Retype the entries, please, from their first line to the line containing "A great place", exactly and only those lines, minus the pictures.
# # # # #
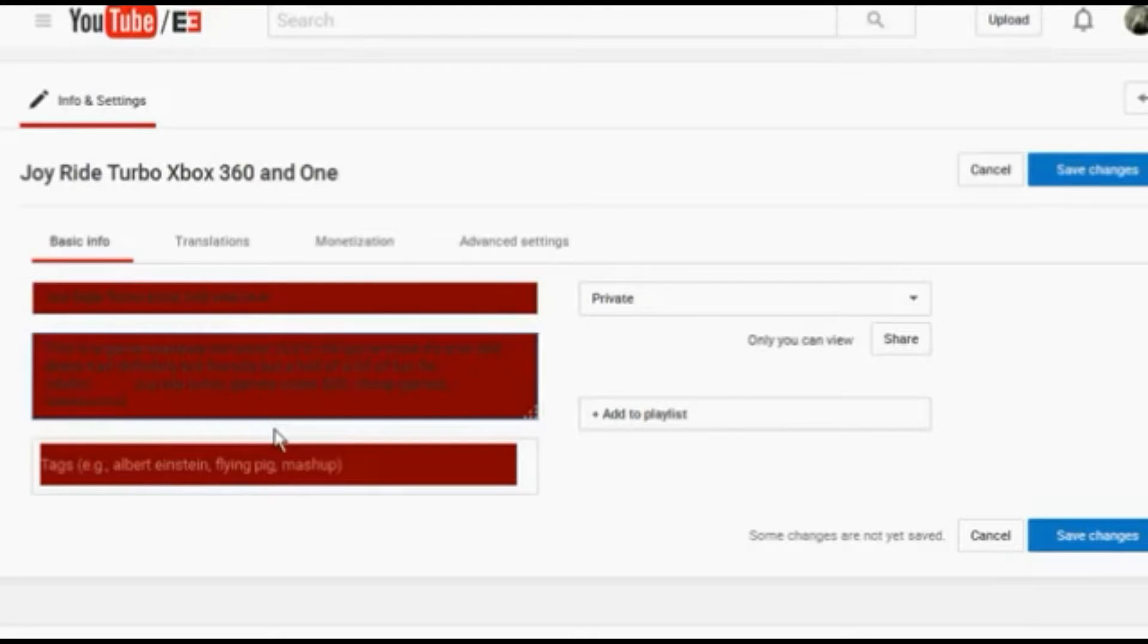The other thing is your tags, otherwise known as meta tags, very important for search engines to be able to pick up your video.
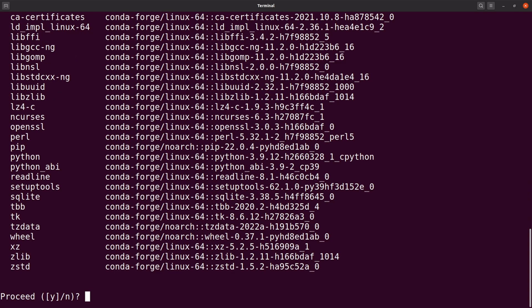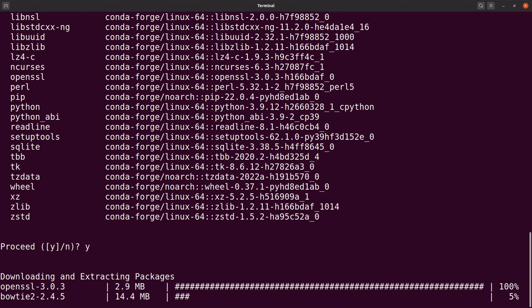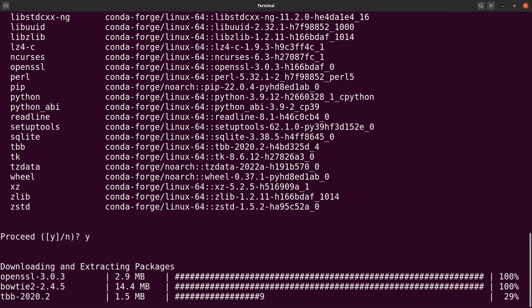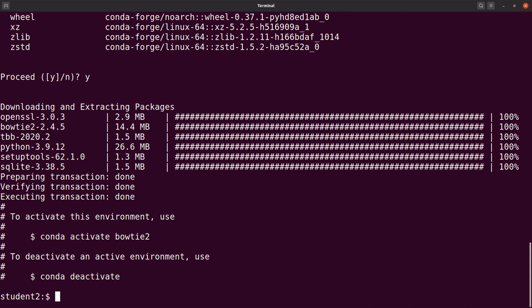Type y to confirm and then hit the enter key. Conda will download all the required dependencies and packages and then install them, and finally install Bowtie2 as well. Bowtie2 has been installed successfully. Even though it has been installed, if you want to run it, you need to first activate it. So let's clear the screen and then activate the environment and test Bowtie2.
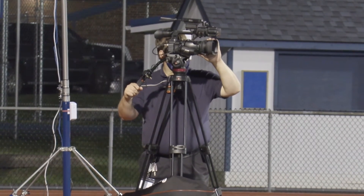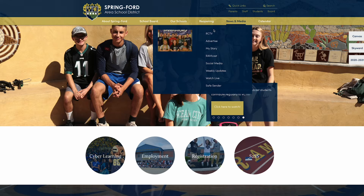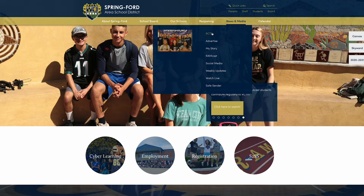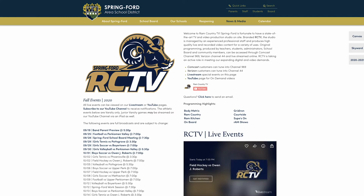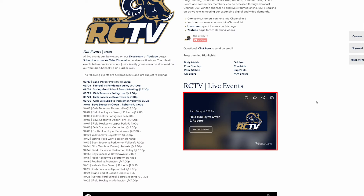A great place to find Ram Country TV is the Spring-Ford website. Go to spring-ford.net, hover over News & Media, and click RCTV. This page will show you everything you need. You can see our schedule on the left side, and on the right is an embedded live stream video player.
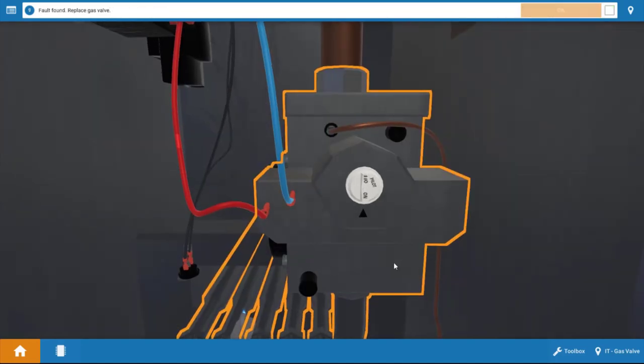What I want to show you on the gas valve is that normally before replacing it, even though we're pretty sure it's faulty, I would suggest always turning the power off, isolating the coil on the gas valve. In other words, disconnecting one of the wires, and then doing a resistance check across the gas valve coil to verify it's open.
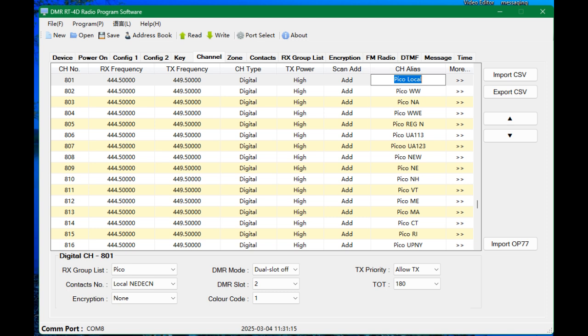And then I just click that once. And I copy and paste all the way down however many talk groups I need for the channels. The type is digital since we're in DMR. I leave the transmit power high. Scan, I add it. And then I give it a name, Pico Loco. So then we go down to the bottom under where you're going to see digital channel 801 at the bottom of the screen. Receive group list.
# # # # #
- _Response to this exercise_:
The other thing is your tags, otherwise known as meta tags, very important for search engines to be able to pick up your video.
Type y to confirm and then hit the enter key. Conda will download all the required dependencies and packages and then install them, and finally install Bowtie2 as well. Bowtie2 has been installed successfully. Even though it has been installed, if you want to run it, you need to first activate it. So let's clear the screen and then activate the environment and test Bowtie2.
A great place to find Ram Country TV is the Spring-Ford website. Go to spring-ford.net, hover over News & Media, and click RCTV. This page will show you everything you need. You can see our schedule on the left side, and on the right is an embedded live stream video player.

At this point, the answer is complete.